**To do**
The answer is to be one number: the count of lines in this listing that have the string "Outdoor".

**Records to use**
=== Section Start ===

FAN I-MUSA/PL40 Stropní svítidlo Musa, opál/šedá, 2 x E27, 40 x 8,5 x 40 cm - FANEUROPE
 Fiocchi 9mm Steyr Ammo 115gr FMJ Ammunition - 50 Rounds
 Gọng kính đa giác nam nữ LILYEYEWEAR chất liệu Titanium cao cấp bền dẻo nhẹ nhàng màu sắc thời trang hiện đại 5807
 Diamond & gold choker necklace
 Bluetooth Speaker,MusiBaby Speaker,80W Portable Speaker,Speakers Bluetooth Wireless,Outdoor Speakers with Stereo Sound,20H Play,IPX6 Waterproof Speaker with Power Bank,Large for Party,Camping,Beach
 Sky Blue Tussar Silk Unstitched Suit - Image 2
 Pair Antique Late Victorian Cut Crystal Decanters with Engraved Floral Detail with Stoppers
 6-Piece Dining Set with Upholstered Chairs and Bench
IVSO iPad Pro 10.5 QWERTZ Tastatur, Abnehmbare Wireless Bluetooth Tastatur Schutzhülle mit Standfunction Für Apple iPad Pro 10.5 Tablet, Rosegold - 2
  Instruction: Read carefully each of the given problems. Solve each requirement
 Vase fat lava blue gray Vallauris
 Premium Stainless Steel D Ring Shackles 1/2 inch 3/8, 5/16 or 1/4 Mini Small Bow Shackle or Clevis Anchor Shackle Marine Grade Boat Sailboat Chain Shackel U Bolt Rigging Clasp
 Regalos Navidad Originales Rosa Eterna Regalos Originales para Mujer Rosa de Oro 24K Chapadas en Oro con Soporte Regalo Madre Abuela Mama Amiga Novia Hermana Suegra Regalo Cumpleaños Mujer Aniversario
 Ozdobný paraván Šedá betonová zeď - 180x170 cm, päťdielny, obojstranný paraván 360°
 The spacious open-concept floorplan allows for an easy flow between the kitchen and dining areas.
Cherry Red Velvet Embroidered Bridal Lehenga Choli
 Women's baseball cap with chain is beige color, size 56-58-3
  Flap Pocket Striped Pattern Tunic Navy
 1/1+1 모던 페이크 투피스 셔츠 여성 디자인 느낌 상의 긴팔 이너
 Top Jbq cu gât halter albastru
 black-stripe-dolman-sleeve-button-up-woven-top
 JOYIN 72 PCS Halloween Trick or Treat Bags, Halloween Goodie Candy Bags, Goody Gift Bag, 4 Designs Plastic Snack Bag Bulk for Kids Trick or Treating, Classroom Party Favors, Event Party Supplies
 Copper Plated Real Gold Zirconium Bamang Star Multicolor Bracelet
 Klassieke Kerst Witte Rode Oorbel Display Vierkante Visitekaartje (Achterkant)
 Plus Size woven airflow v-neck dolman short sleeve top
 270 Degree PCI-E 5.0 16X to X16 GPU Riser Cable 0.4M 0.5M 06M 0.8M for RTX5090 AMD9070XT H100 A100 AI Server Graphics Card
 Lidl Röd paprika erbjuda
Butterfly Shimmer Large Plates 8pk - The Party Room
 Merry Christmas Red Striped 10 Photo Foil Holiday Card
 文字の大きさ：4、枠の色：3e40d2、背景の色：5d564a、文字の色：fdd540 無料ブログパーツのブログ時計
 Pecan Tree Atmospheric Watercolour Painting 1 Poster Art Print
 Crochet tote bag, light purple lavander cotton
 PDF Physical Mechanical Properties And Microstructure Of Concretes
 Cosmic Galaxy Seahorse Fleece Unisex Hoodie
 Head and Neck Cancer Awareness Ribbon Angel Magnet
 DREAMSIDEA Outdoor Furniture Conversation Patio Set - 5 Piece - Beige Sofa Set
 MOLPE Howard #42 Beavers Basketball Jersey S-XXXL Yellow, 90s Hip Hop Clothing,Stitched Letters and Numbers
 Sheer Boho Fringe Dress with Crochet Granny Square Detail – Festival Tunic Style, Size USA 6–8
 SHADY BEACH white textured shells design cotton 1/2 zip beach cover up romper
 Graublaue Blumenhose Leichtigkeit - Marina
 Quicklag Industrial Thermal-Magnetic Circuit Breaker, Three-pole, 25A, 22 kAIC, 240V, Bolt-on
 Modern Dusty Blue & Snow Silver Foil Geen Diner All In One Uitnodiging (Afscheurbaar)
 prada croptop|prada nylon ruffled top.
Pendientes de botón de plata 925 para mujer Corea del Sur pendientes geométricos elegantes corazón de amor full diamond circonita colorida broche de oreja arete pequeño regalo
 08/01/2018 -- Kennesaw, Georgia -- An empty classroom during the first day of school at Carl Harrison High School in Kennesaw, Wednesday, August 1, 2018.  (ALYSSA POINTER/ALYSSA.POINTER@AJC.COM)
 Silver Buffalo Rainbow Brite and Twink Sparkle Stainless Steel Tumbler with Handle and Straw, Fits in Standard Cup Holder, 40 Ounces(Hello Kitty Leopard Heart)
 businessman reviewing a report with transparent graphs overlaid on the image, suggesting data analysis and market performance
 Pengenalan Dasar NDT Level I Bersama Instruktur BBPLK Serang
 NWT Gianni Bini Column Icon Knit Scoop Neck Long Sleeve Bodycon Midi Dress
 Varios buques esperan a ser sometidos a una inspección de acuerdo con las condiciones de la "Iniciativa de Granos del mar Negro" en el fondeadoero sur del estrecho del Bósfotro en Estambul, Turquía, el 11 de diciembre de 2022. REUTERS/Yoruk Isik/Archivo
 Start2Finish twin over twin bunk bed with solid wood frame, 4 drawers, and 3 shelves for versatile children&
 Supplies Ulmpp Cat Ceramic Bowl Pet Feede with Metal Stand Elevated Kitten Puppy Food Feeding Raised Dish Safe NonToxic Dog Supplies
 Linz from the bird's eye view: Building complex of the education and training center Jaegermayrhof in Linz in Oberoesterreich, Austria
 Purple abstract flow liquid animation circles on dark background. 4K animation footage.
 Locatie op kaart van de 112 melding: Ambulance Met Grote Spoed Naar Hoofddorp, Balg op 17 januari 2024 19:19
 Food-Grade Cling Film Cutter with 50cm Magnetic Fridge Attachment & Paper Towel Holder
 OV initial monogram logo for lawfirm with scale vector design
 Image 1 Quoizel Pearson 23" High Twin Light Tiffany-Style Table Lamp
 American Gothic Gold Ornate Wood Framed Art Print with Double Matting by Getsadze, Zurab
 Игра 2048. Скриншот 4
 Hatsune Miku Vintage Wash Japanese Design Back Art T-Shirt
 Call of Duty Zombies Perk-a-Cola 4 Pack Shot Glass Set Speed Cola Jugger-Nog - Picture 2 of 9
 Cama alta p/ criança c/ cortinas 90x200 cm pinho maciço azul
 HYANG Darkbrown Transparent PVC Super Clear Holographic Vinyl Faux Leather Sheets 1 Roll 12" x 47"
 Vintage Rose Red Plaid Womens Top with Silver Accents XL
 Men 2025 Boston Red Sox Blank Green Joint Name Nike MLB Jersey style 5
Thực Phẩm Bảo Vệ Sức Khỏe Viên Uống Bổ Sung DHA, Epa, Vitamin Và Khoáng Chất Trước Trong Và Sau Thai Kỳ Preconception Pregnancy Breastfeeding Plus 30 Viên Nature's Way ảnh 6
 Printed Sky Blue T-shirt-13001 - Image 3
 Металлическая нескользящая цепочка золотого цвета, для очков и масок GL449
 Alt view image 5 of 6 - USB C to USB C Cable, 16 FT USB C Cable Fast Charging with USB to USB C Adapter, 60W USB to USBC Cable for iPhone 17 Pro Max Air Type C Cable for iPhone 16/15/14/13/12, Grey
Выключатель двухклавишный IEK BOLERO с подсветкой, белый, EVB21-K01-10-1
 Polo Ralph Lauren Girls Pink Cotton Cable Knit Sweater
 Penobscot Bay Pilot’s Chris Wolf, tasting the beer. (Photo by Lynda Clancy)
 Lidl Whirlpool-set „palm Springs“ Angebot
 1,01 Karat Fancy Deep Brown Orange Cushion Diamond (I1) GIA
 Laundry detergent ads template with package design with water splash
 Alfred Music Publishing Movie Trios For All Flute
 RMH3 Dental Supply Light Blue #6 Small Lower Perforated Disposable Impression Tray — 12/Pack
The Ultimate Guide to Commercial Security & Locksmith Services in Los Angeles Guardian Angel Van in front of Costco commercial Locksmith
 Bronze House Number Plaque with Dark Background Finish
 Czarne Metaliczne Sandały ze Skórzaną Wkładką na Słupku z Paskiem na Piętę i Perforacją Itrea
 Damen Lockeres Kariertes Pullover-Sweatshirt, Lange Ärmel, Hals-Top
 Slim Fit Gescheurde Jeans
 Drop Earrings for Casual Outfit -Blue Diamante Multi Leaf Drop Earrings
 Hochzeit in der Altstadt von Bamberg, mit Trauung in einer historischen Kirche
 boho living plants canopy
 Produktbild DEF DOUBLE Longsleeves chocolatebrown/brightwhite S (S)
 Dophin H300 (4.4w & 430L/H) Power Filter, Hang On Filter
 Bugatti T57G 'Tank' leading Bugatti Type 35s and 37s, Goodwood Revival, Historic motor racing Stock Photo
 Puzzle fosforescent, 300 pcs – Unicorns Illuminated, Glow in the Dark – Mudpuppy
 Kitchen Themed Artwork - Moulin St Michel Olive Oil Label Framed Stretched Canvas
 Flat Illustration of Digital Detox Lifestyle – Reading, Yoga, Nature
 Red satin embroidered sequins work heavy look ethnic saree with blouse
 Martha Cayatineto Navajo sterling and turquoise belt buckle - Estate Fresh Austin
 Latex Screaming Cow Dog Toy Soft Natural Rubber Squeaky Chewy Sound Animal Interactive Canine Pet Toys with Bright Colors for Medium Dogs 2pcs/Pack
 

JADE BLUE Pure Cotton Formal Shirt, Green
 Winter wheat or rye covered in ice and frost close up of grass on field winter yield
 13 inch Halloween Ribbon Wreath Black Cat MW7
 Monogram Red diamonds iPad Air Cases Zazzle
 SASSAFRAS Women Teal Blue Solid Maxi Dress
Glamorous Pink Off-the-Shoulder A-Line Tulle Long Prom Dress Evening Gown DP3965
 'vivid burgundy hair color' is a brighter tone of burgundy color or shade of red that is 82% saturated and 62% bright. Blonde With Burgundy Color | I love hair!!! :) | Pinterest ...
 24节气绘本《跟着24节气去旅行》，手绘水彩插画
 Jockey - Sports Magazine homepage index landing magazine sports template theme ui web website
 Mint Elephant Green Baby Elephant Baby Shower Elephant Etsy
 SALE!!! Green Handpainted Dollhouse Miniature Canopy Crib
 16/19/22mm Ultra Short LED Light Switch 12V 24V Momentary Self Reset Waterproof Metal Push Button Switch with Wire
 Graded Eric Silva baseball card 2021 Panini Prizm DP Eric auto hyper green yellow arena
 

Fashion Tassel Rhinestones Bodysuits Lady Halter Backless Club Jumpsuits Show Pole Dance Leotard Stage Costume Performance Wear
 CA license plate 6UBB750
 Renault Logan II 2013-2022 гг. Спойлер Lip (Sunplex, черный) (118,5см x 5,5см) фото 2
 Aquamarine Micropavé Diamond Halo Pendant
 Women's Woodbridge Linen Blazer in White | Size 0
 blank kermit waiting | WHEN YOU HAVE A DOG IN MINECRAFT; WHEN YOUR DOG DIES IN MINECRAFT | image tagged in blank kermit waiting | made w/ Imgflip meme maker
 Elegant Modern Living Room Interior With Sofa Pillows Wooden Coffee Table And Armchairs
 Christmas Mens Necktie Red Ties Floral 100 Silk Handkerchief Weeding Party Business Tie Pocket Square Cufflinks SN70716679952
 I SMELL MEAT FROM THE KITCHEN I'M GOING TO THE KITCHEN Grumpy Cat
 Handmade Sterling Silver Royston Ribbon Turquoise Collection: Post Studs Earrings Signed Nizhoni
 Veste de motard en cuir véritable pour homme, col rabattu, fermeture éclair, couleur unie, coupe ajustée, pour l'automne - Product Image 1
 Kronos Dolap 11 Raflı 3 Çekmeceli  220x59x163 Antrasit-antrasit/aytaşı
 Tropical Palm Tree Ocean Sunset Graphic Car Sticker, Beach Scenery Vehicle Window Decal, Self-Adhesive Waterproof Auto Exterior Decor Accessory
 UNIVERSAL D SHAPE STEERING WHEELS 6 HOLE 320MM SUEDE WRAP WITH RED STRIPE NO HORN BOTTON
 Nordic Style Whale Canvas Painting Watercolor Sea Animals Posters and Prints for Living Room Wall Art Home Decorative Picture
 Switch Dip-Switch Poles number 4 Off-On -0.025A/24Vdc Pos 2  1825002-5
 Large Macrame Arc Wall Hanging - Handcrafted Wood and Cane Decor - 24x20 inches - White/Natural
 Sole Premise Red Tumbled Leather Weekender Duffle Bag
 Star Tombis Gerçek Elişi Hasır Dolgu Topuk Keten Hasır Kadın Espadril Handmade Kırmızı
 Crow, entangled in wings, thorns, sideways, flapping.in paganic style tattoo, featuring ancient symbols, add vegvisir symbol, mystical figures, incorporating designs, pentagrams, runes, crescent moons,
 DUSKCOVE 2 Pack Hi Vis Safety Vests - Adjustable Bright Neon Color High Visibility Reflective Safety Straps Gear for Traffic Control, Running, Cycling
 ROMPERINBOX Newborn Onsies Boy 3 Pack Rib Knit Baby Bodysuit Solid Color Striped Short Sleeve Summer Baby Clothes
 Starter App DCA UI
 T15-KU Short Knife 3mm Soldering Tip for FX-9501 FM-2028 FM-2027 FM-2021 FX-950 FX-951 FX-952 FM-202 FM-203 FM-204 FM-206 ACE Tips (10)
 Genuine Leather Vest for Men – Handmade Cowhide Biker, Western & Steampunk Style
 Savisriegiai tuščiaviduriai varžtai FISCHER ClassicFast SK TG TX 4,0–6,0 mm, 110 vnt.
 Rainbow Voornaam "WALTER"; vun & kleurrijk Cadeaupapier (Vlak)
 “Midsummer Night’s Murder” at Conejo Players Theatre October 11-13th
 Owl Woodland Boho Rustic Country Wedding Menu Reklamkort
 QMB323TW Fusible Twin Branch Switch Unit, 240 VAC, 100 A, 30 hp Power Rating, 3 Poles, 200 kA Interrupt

=== Section End ===

**Answer for this exercise**
2